2023 Lambda Literary Award Finalist, Lesbian Memoir/Biography
Named the BEST LGBTQ+ MEMOIR of 2022 by Book Riot
Named a New York Public Library Best Book of 2022

Weatherford Award finalist, nonfiction

“Commands your attention from the first page to the last word.” —Morgan Jerkins

“I’m glad this memoir exists . . . and I’m especially glad it’s so good.” —Vauhini Vara, New York Magazine

When Neema Avashia tells people where she’s from, their response is nearly always a disbelieving “There are Indian people in West Virginia?” A queer Asian American teacher and writer, Avashia fits few Appalachian stereotypes. But the lessons she learned in childhood about race and class, gender and sexuality continue to inform the way she moves through the world today: how she loves, how she teaches, how she advocates, how she struggles.

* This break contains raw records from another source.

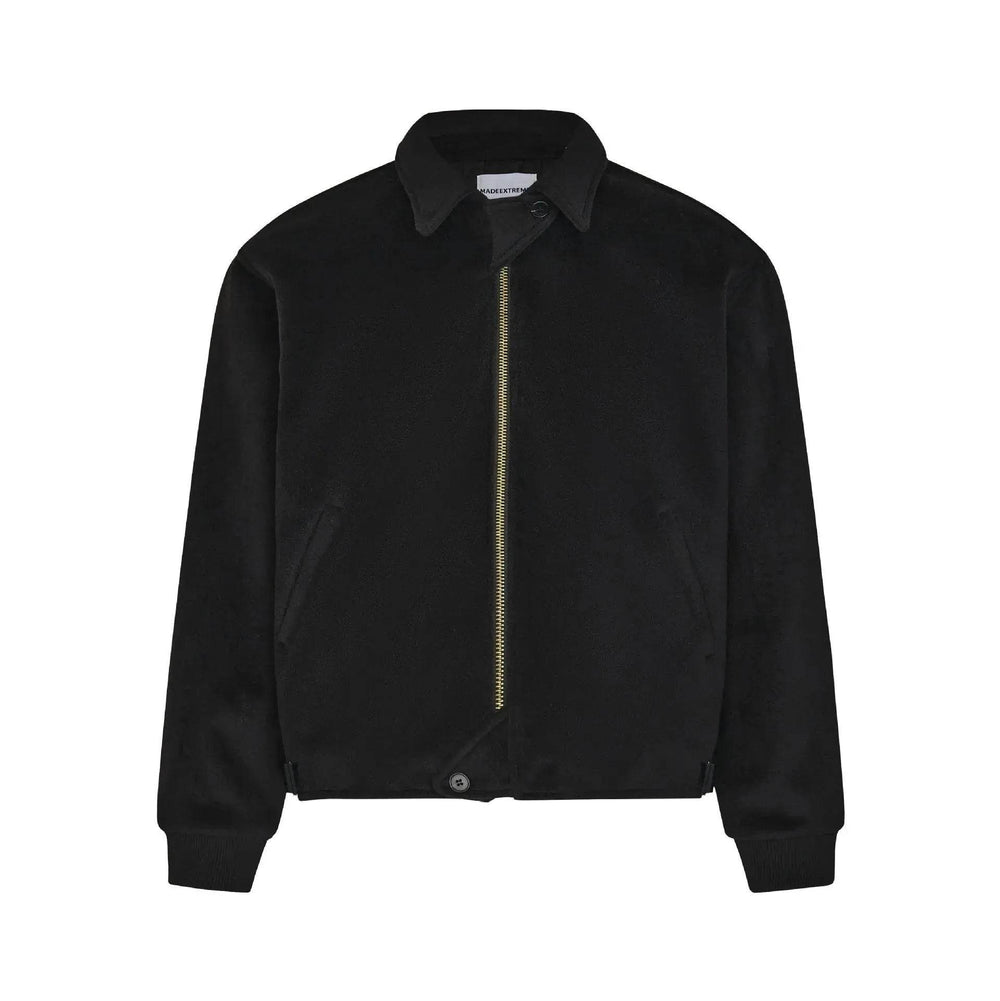 Casual Autumn winter Warm Cardigan Jacket Unisex - EX-STOCK Canada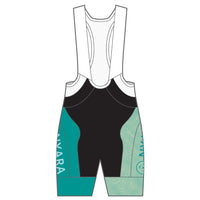 APEX+ Indoor Bib Shorts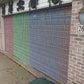 Garage Seed Matrix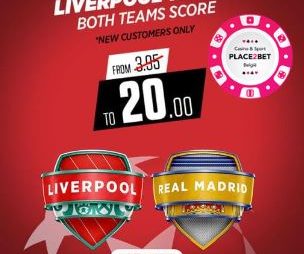 Champions League extra cash | Liverpool vs R.Madrid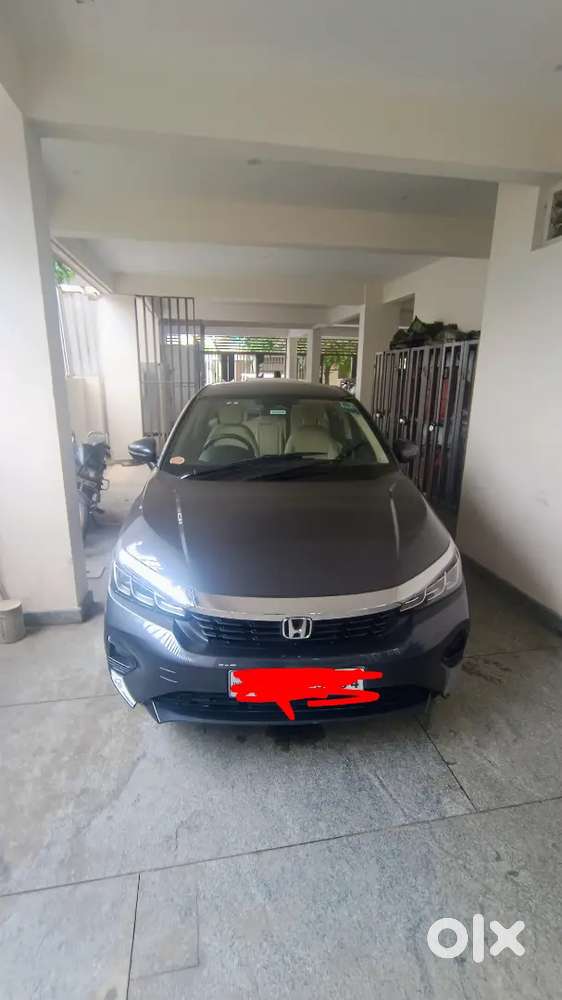 Honda City 1.5 Vx Petrol 2024
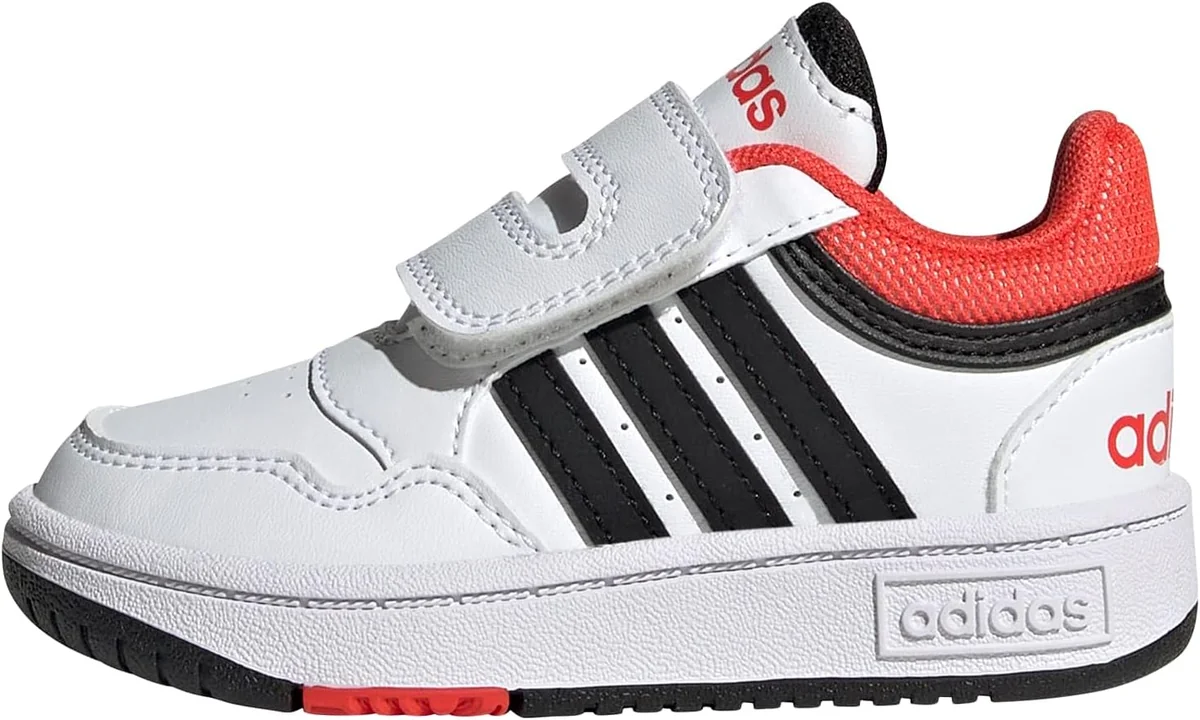 adidas Hoops Buty dziecięce rozmiar 19 EU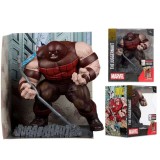 MC FARLANE MARVEL COLLECTION PVC STATUE JUGGERNAUT (SPIDER-MAN 16) 1/10 SCALE STATUE FIGURE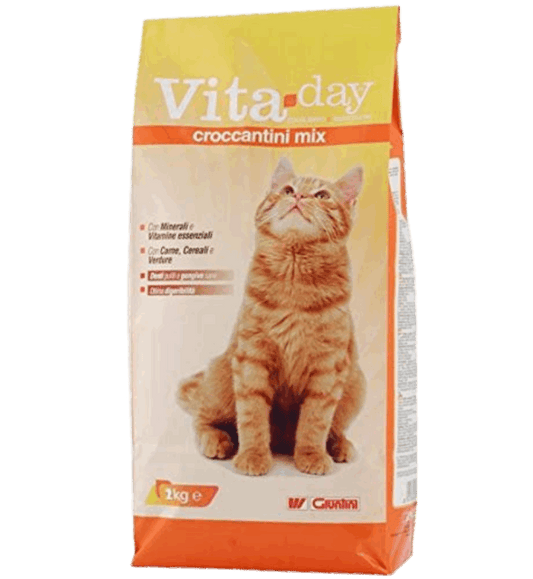 vita dry food دراي فود فيتا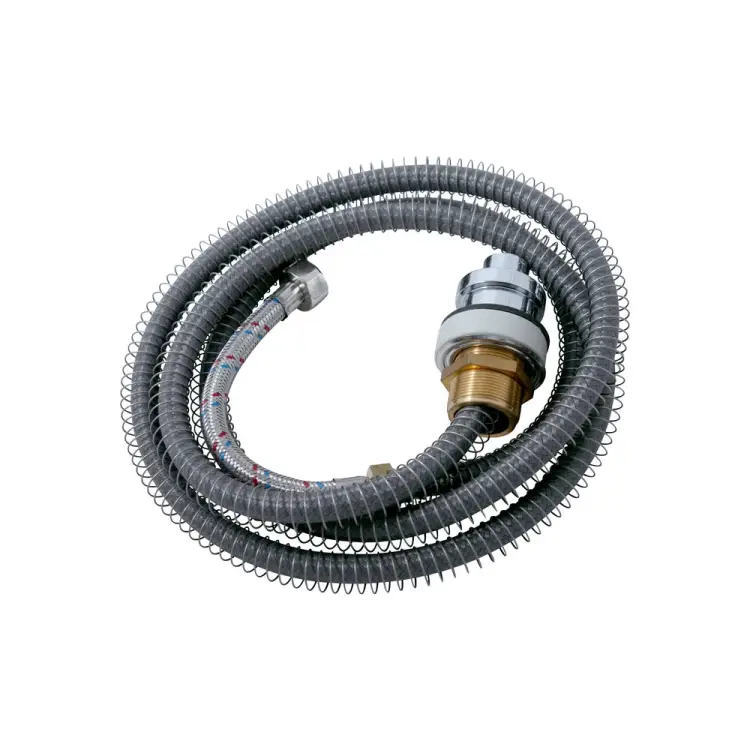 Душевой шланг RavSlezak MD0023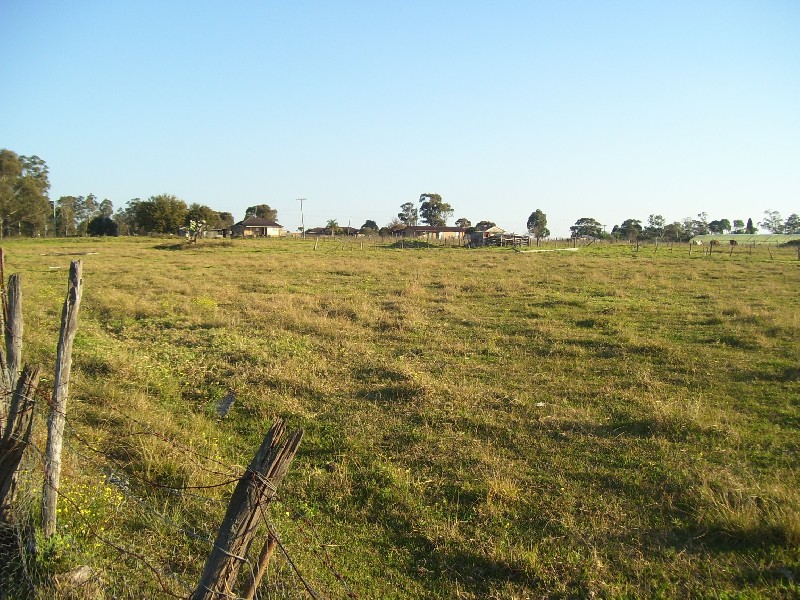 West Hoxton NSW 2171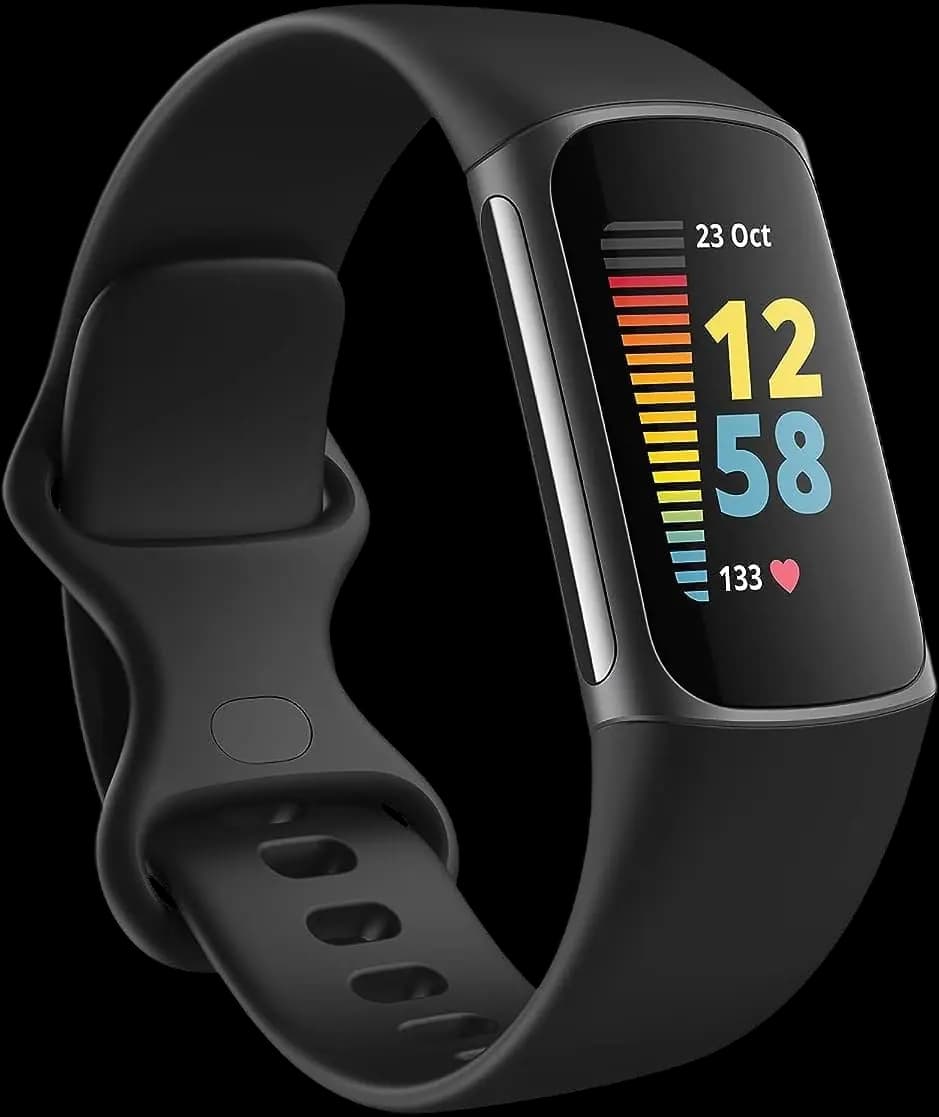 Fitbit Charge 5
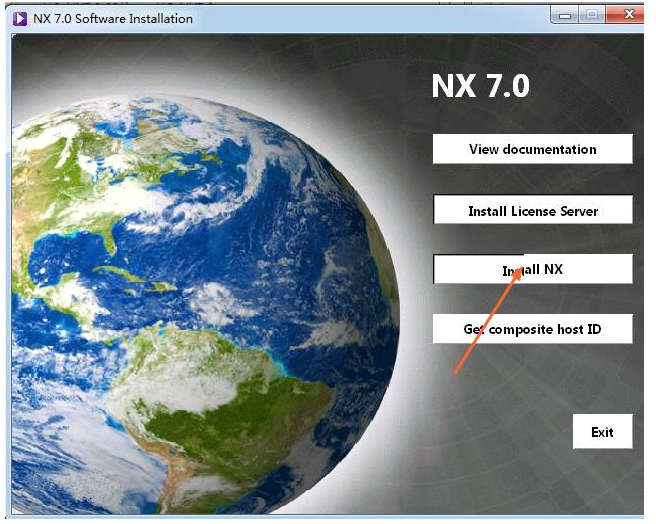 UG NX7.0简体中文破解版软件安装教程（含下载）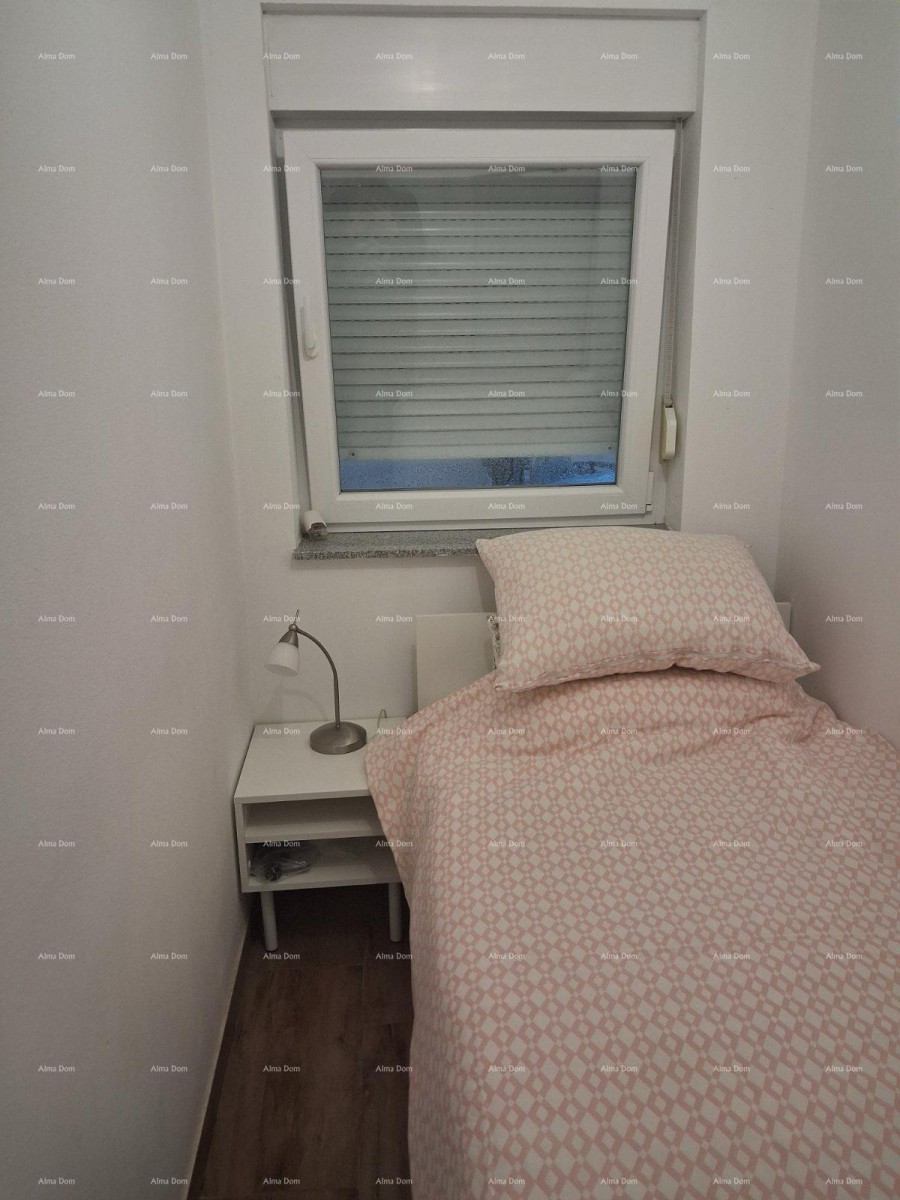 Bellissimo appartamento con giardino e posto auto, vicino a Pula 5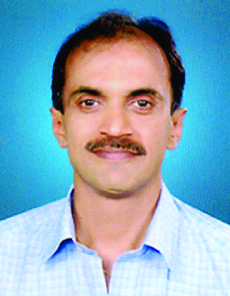Prabhakar Mugeru-Secretary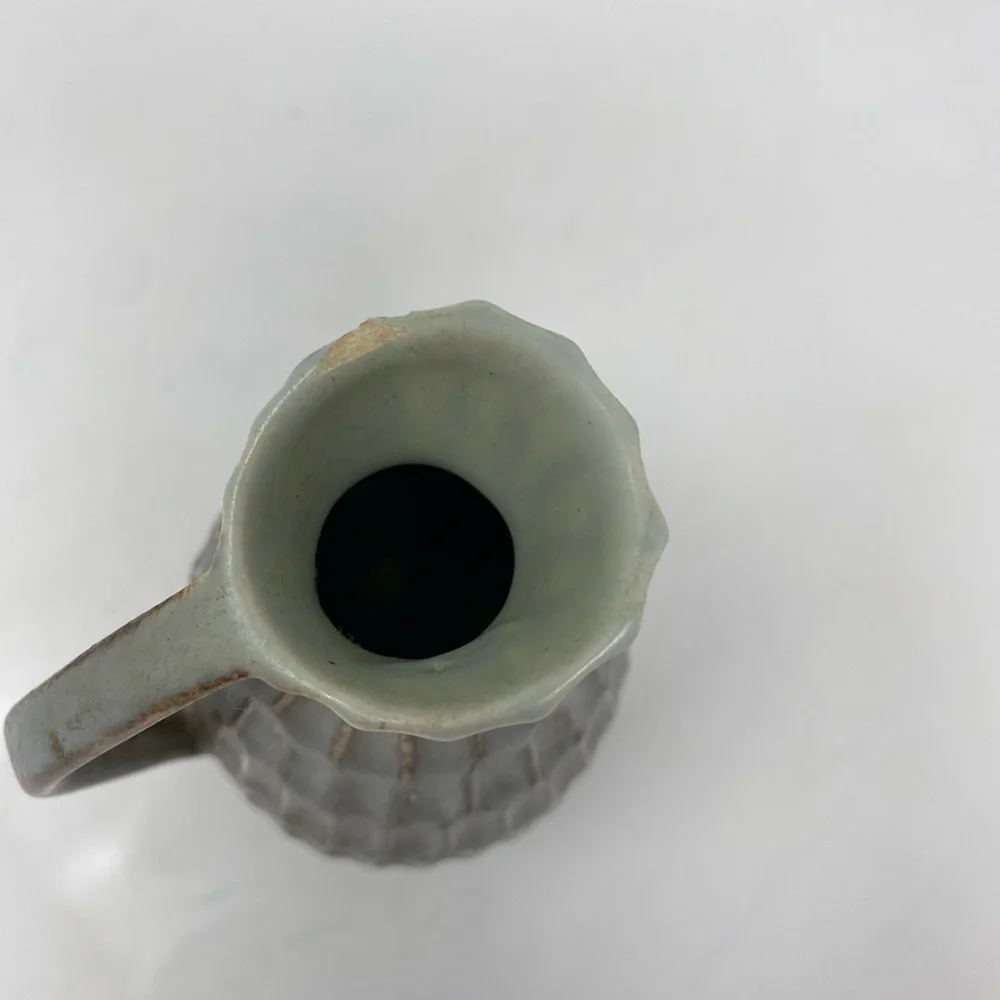 Vintage German Vase Pitcher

Another Appalachia examines both the roots and the resonance of Avashia’s identity as a queer desi Appalachian woman, while encouraging readers to envision more complex versions of both Appalachia and the nation as a whole. With lyric and narrative explorations of foodways, religion, sports, standards of beauty, social media, gun culture, and more, Another Appalachia mixes nostalgia and humor, sadness and sweetness, personal reflection and universal questions.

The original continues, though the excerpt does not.